CEBU

Briones: State and religion

On the go

APPARENTLY, it’s a big deal, although even that is an understatement.

But two years from now, the province and the whole country will celebrate 500 years of Roman Catholicism. The Archdiocese of Cebu has not wasted its time. It has asked the National Historical Commission of the Philippines (NHCP) and the National Commission for Culture and the Arts (NCCA) to repair the Cathedral Museum, which is located on the street beside the Cebu Metropolitan Cathedral.

The archdiocese wants to make sure the former rectory’s roof, walls and trusses can withstand a natural calamity.

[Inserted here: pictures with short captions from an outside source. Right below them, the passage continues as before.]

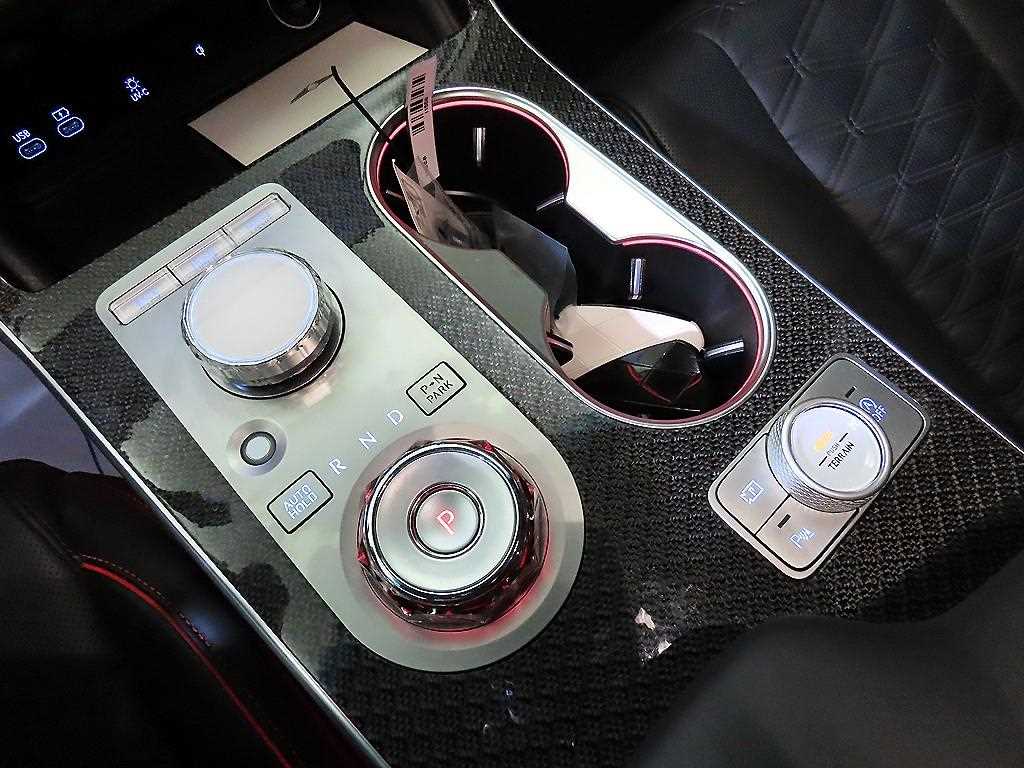 Genesis GV80 - Vista 12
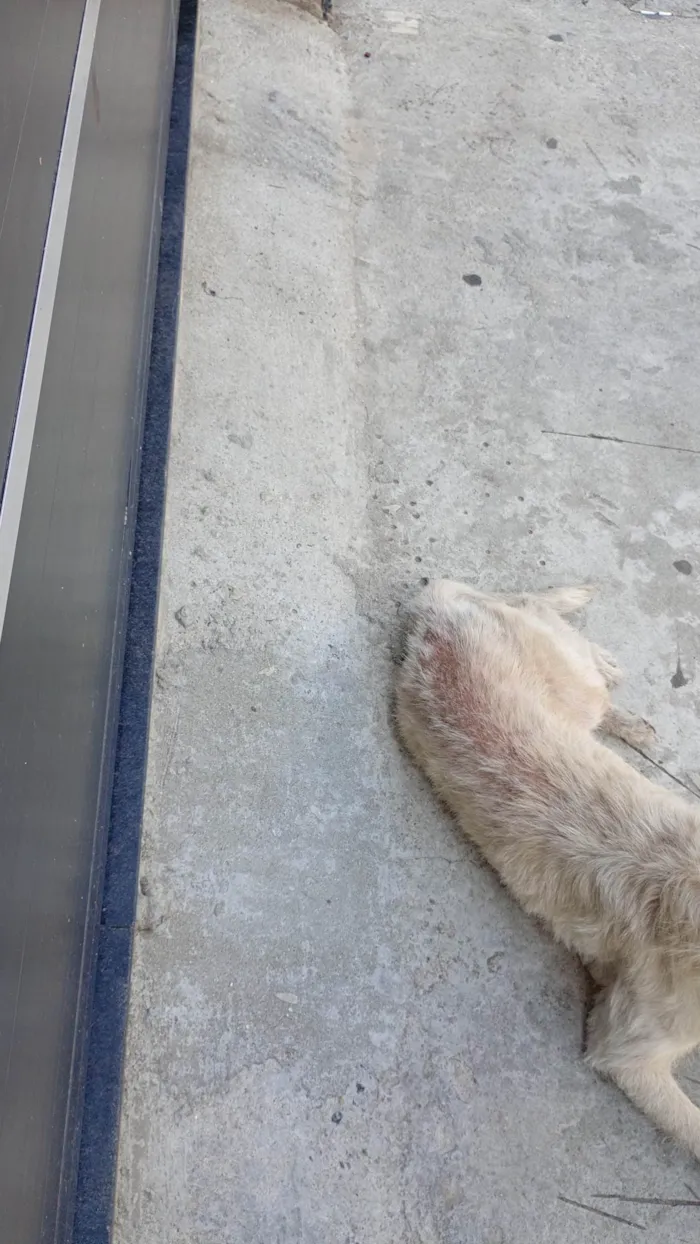 Cachorro ra a SRD-ViraLata idade 5 anos nome Alemao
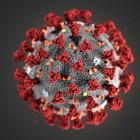 Coronavirus, studio su Nature: «Non è stato prodotto in laboratorio»”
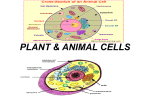 PLANT & ANIMAL CELLS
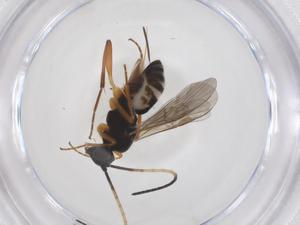  ( - CBG-A42589-E03)  @11 [ ] CreativeCommons - Attribution Share - Alike (2024) Centre for Biodiversity Genomics Centre for Biodiversity Genomics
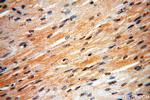 MAPK12 Antibody in Immunohistochemistry (Paraffin) (IHC (P))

No one wants the more than century-old structure to come tumbling down during a strong typhoon or earthquake in the midst of all the expected fanfare.

Anyway, the NHCP has proposed a P10-million budget for the project.

Final approval rests on the Department of Budget and Management and the President since the National Economic and Development Authority has already given it the thumbs up.

I know many will question why the government needs to be involved in what should be a church endeavor. After all, the Constitution does call for the separation of church and state.

But, as Fr. Brian Brigoli pointed out, the museum is considered a heritage structure so it falls under the jurisdiction of the NHCP. Or something like that. Am I correct?

Fr. Brigoli is chairman of the Cebu Archdiocesan Commission for the Cultural Heritage of the Church, so I’ll just take his word for it. And he is a priest, after all. And priests don’t lie. Don’t they?

Then again, the church is not exactly poor. It has had the last 498 years to fill up its coffers.

Oh don’t get me wrong. I’m not saying that’s bad. After all, saving souls from eternal damnation can be taxing. And trust me, there are a lot of souls out there that need saving. So it’s only fair that the church should be well compensated for its efforts.

And you all know that nothing is free in this world. Nothing. Not even the keys to Paradise.

Look at it this way. The Catholic faithful should count themselves lucky. At least, they don’t have to blow themselves up in some suicide mission. They just have to pay up.

Uhuh. Thoughts to ponder on.

I guess what I’m trying to say is the church can well afford to fund the project on its own. It doesn’t need government money, money that is better well spent on basic services or feeding, clothing and housing those children that roam the metro’s streets.

Better yet, the archdiocese should ring up Madrid. Spain was responsible for bringing the religion to our shores, it might as well foot the bill for its commemoration.